金沢市以南の石川県内で唯一「消滅可能性都市」に該当
―「スマートシティ構想」を市政の最優先課題に据えていますね。その背景はなんだったのでしょう。
私が市長に就任した翌年の平成26年、日本創成会議が「消滅可能性都市」を発表したことは知られていますね。じつは、加賀市は金沢市以南の石川県内で唯一、該当する自治体となってしまったのです。この指摘によって受けた衝撃は非常に大きなもので、市全体が強い危機感をもちました。
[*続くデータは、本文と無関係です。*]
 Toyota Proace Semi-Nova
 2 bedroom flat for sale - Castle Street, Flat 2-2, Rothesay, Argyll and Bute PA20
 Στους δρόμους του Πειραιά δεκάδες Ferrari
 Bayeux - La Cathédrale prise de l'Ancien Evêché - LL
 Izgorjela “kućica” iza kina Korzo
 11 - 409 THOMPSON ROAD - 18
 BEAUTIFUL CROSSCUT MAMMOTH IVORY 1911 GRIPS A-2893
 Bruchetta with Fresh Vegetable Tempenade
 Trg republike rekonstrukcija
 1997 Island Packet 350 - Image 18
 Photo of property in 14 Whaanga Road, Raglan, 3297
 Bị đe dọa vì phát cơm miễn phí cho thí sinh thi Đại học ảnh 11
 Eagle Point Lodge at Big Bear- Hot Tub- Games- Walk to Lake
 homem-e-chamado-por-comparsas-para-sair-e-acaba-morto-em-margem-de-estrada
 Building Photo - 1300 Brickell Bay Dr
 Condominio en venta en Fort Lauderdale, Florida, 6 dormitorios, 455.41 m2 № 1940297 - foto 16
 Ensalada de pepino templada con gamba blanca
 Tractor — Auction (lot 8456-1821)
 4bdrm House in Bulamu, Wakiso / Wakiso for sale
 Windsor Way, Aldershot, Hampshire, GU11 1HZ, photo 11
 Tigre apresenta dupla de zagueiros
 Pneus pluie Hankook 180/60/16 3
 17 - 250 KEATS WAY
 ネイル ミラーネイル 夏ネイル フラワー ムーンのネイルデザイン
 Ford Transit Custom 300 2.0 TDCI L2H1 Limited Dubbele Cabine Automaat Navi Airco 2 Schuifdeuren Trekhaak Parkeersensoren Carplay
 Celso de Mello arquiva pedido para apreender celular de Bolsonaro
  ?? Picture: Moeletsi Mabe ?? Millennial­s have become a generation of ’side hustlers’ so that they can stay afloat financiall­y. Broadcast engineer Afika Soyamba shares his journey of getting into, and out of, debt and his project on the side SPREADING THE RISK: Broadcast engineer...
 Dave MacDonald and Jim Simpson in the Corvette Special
折しも、当時は世の中でデジタル化の波が起こり、「第四次産業革命」というキーワードが取り沙汰され始めたころ。地方にはまだそのような空気はまったく醸成されていませんでしたが、危機感が背中を押し、「この流れに乗り遅れてはいけない」との認識から先端技術を導入したまちづくり、言わば「スマートシティ構想」に市の未来を託す選択をしたのです。
―具体的にどのような政策目標を掲げているのですか。
長期的な視点に立ち、「人材育成」と「新技術の導入」を二本柱に据えて、新産業の創出とその先にある産業集積の基盤づくりを目標に成長戦略を描いています。道路や橋、公共施設といったインフラや「ハコモノ」への投資は、選挙の際には票につながりやすいとされ、地方行政はついその方向へと流れてしまうと指摘されがちです。しかし、それではまちの状況は変わりませんし、未来への展望は開けないのは残念ながら過去の歴史が証明しています。そうした従来型の地域振興策から、当市は明確に舵を切ることを決断したのです。
当市の基幹産業は観光と部品産業で、観光はインバウンド誘致に成功し、長い不況から持ち直していましたが、今般のコロナ禍によって大きな打撃を受けています。一方の部品産業は、域内に完成品メーカーが不在のため、産業集積の基盤とはなりえていません。新技術の積極的な導入が、そうした状況を変える起爆剤になると期待しているのです。
5つの国家事業に参画 。民間12法人との連携協定も
―実際の取り組み状況を教えてください。
「人材育成」については、特定非営利活動法人「みんなのコード」と連携協定を締結し、これからの時代の若者にとって必要となるであろうプログラミング教育の普及を進めています。これは、長期的な視点に立ち、将来の産業人材を育成することを視野に入れた取り組みです。その成果として、国の学習指導要領の改訂に先駆けるかたちで、平成29年度から市内すべての小中学校でのプログラミング教育を開始。これは当時、全国初の挑戦として注目されました。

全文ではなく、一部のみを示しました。